Y and Z; but the copy of said amended answer which counsel for the appellee received from the
appellant by ordinary mail (Exhibit EE of the investigation) contains only seven pages and the said
quotations were purposely deleted therefrom. It was precisely those quotations from the transcript of
the stenographic notes that this Court relied on in rendering the decision in favor of the appellant. In
said amended answer filed in this Court the appellant further adduced the following argument:

Es no solo infundada sino que esta basada en y sobre hechos deliberadamente


tergiversados la alegacion del demandado-apelado en su escrito de replica (pags. 3-4) y
mocion de reconsideracion (pag. 5), de fecha 2 y 4 de noviembre de 1938 respectivamente,
presentados de archivada la contestacion a la peticion de fecha 29 de septiembre de 1938,
asi como en su alegato (pags. 42-43), de que en el informe del demandante-apelante
sometido al Juzgado inferior invariablemente es descrito el Exhibit V-1 como un
simple documento de exclusion sin hacerse mencion de "cesion de terrenos como garantia
de deuda." El informe aludido, copia cerficada del cual se acompaña y se hace parte
integrante de esta contestacion enmendada, en sus paginas 19 y 34, citadas en dichos
escrito de replica y mocion de reconsideracion, en relacion con el Exhibit V-1, dice asi:

Pagina 19 —

"Exhibit V-1 Escritura de exclusion de las dos porciones objeto de tercerias de Juan
y Pedro Salvador, y cesion de dos parcelas de terreno a Felipe Juyco como garantia
de la deuda de P18,000 de Pedro de Leon, otorgada el 15 de noviembre de 1934;"

Pagina 34 —

"Y es que la conducta del demandado en todo encuentra explicacion en el


documento (Exh. V-1), otorgado el 15 noviembre de 1934, a raiz del endoso al
demandante de las tercerias (Exhs. U-1 al W-4, W-6 y W-7) para que dispusiera de
las mismas especialmente las tercerias de Juan y Pedro Salvador (Exhs. W-6 y W-7)
que fueron estimadas, excluyendose de la parcela 1 (Lote No. 1, plano Psu-15521)
en litigio las porciones, de 22 hectareas de superficie, a que se contraen, siendo
el Exhibit V-1 la prueba inequivoca del convenio del convenio encurbierto en la
escritura de cesion (Exh. Q); y, por ultimo, el demandante ayudo al sheriff en la
preparacion del certificado de venta (Exh.
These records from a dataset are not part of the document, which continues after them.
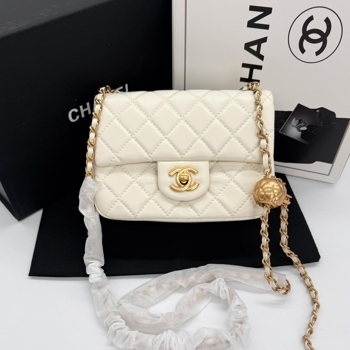 Chanel Chanel Mini 17 Classic Flap Bag in Cream with Gold
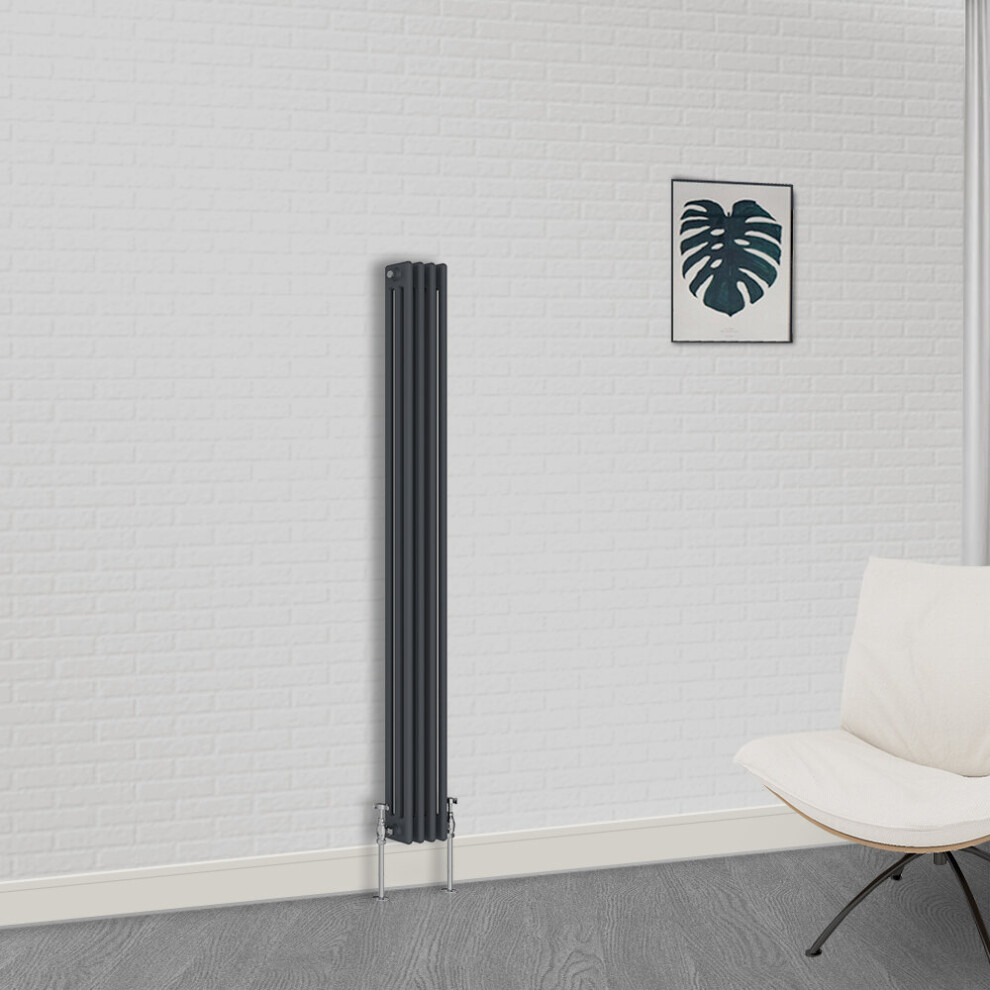 Nrg (1800 X 200Mm-3 Column) Traditional Cast Iron Style Radiator Anthracite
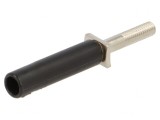 Adaptor Banană 4mm Priză 25A Negru Nichelat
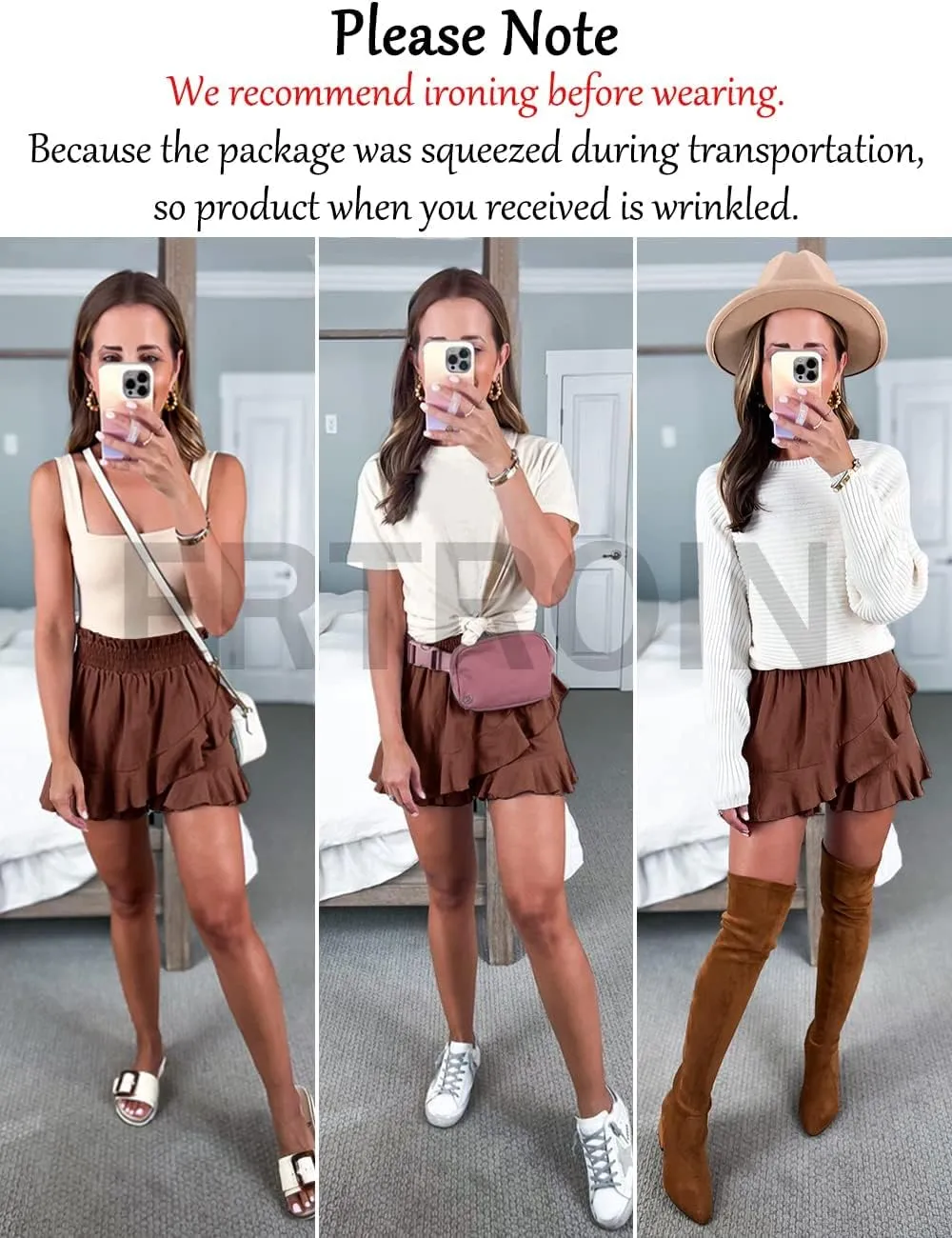 FRTROIN Skorts Skirts for Women Fashion Mini Wrap Skirt Flowy Linen Cotton High Waisted Shorts for Summer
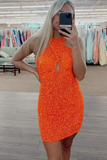 Orange Sequins Cross Front Mini Bodycon Dress HZ1023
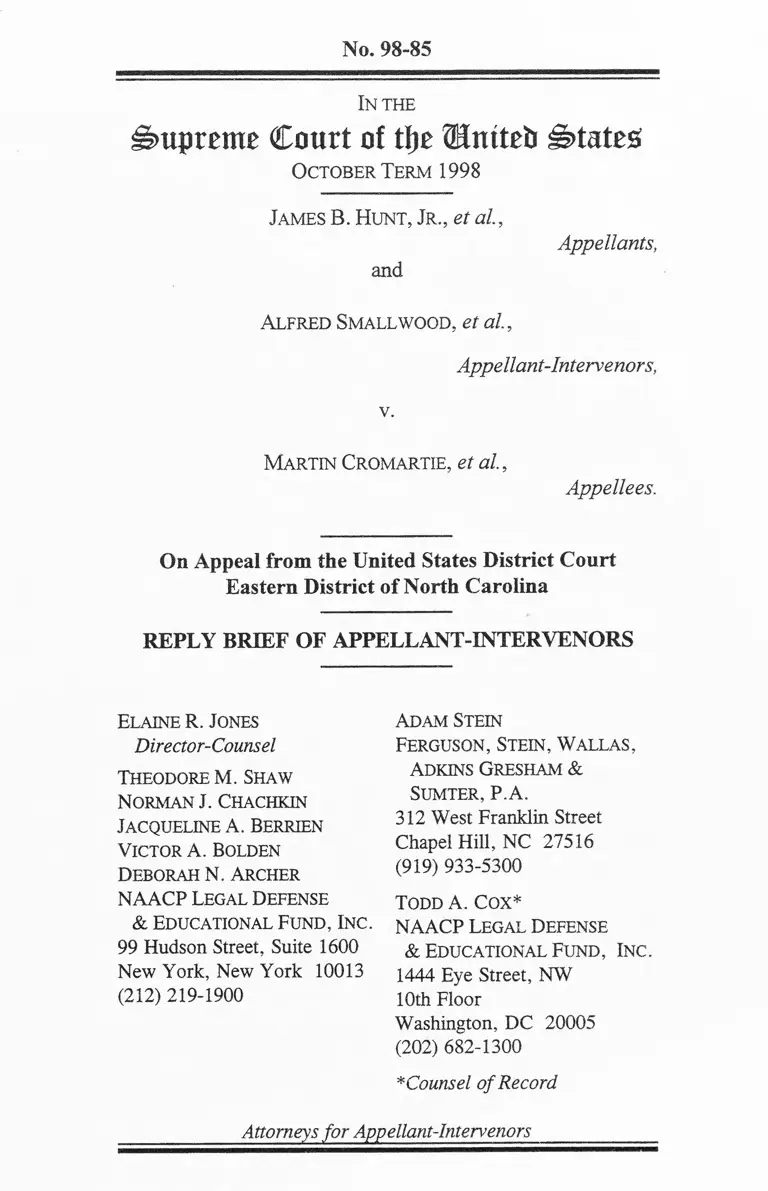 Hunt v. Cromartie Reply Brief of Appellant-Intervenors preview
Y) porque este funcionario no sabia como
excluir tales porciones." (Pages 7-8.)

That argument was also omitted from the copy he served on counsel for the appellee.

Pages 19 and 34 of the memorandum quoted by the appellant in his said amended answer appear
to have been falsified, as shown by the copy of said memorandum (Exhibit DD of the investigation)
which had been duly served on counsel for the appellee and preserved by the latter. The copy of the
memorandum served on counsel for the appellee contains the following allusions to Exhibit V-1:

Page 19 —

Exhibit V-1, Escritura de exclusion de las dos porciones objeto de terceria de Juan y
Pedro Salvador otorgado por Felipe Juyco el 15 de noviembre de 1934;

Page 34 —

La misma conducta del demandado endosando al demandante las tercerias que se


presentaron (Exhs. W, W-1 al W-7) para que se dispusiera de las mismas, indica
claramente que Felipe Juyco no se consideraba entonces dueño verdadero de los
terrenos en cuestion, especialmente las tercerias de Juan y Pedro Salvador que
fueron estimadas por el demandante, consistiendo en que se excluyeran de los
terrenos en litigio las porciones, de 22 hectareas de superficie, a que se contraen las
citadas tercerias (Vease escritura de exclusion, Exh. V-1); y, por ultimo el
demandante ayudo al sheriff en la preparacion del certificado de venta (Exh. V)
porque este funcionario no sabia como excluir tales porciones (fols. 54-55, n. t..).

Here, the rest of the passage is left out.